What of the other side of the world? How might a hard-right White House respond to the threat of an increasingly dominant China? What if Xi Jinping invaded Taiwan?

The flood of misogyny, racism, and hatred of immigrants and LGBT+ folk which swept the world after the Trump presidency will be a mere appetiser compared to what might come with some iteration of Trump Mark II – especially as the global town square, Twitter, is now in the hands of Elon Musk, a man many believe is inclined to give succour to extremism and is happy for the social media giant to disseminate disinformation.

How might that wave of hate crash up against Britain’s shores? It’ll drive us further apart, that’s for sure. But here’s a truth about Scotland and the rest of the UK: we can’t allow ourselves to be driven further apart. We can’t risk it. We can’t become America. But it feels we’re inevitably heading there.
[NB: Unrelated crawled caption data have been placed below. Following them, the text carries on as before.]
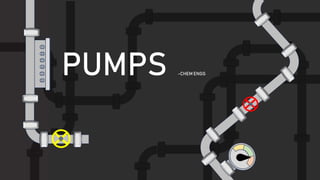 PUMPS -CHEM ENGG
 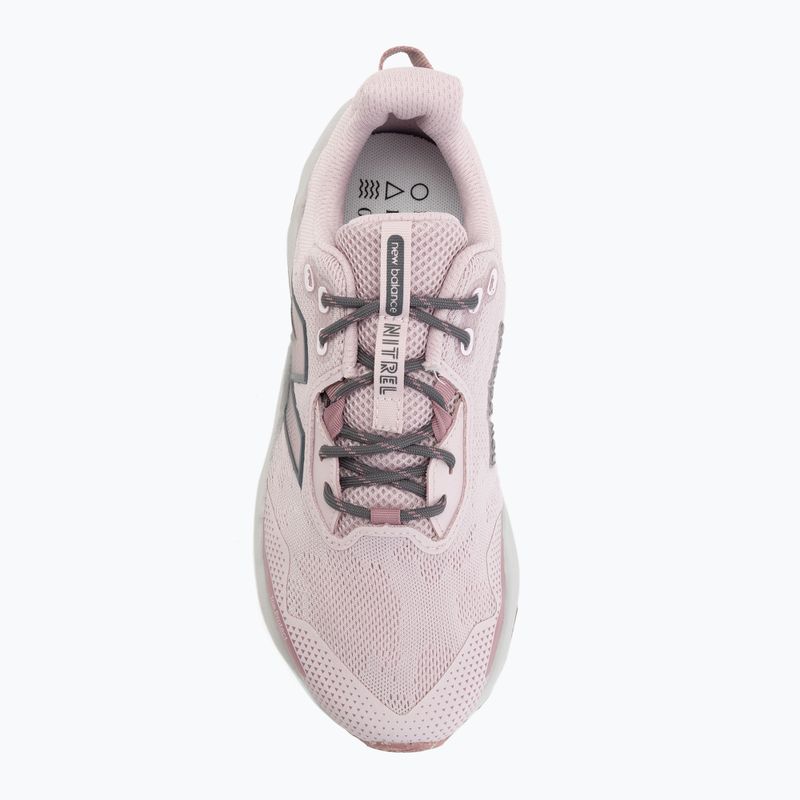 Moteriški bėgimo batai New Balance Dynasoft Nitrel V6 stone pink/rosewood/grey matter 5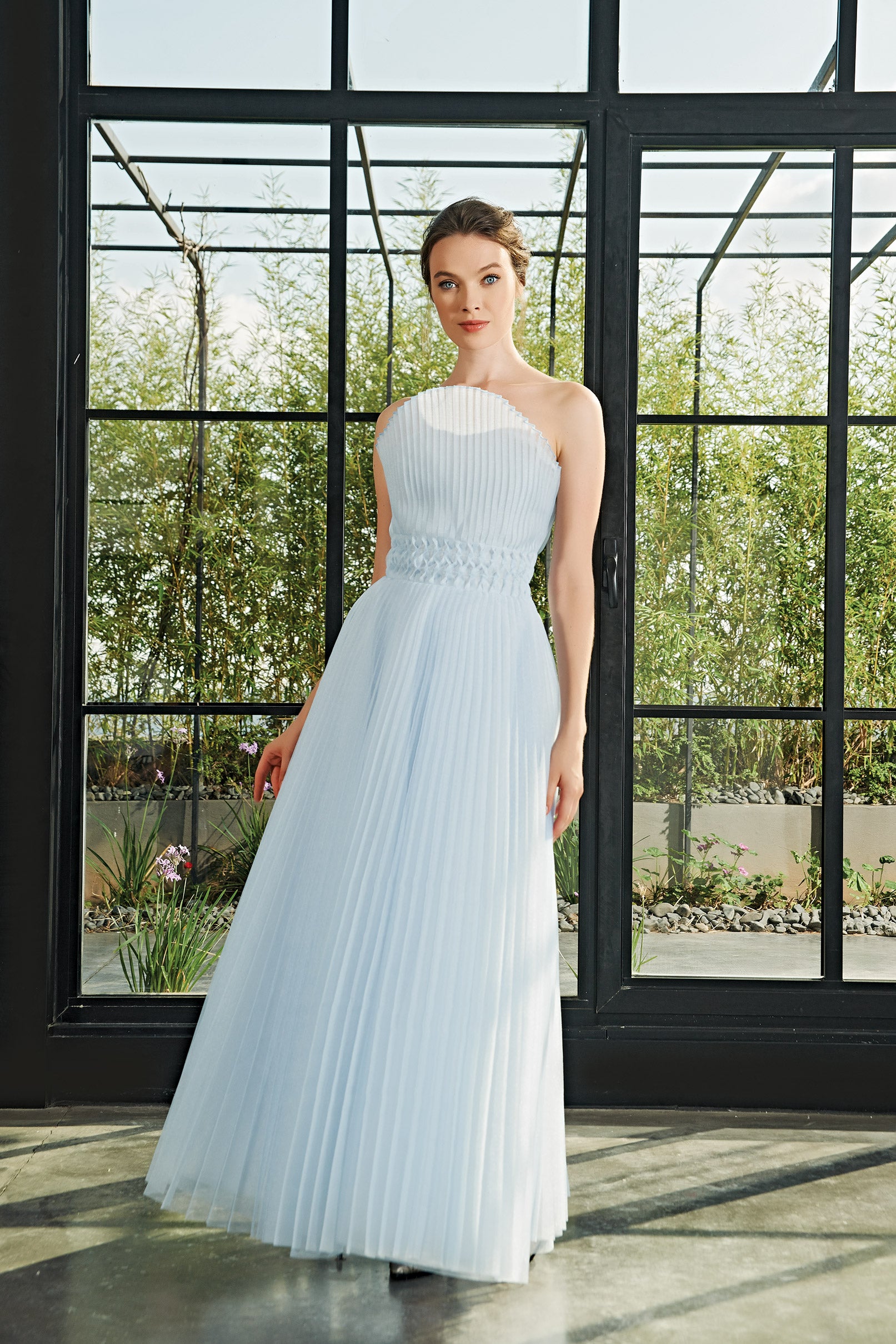 Pleated Organza Gown John Paul Ataker Pleated Organza Gown John Paul Ataker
We’re already inhabiting different ecospheres: the Guardian on one hand, GB News on the other. The woke v the anti-woke in endless unwinnable culture wars. Brexit is itself Britain’s "big lie": half the country thinks it’s the path to paradise; the other half considers Brexit the most damaging wound to Britain in living memory. Both sides believe they have the best interests of the nation at heart, and see their opponents as ‘enemies’.

In Scotland, politics is hopelessly divided. The same illness affecting America affects us. Half of us want Scotland to leave the UK; half believe the Union must be preserved at all costs. There’s no middle ground, only polarisation.

We cannot simply blame politicians – whether in Washington, London, Paris, Edinburgh or Rome – for this collapse of all that unites us. We chose this, we voted in these divisive characters who use identity as a crowbar to separate us.

Everyone wants to be optimistic. But how do we put this genie back in the bottle? How do we rediscover the centre ground? That doesn’t mean we must all be centrist. You can come from the left or right, but still meet on safe middle ground as a place to discuss how we improve the country. However, that requires respect for political opponents: a short commodity. And we wonder why it feels like our nations are collapsing in the West. We spend all our time at war with each other, rather than trying to find solutions to the real crises ailing us.

We’re all guilty of this division: every politician, journalist, online poster, and voter. Somehow we just decided compromise was dead. If politics is war by other means, then heaven help us in a world where we’ve buried mutual respect. For proof, just watch America tonight.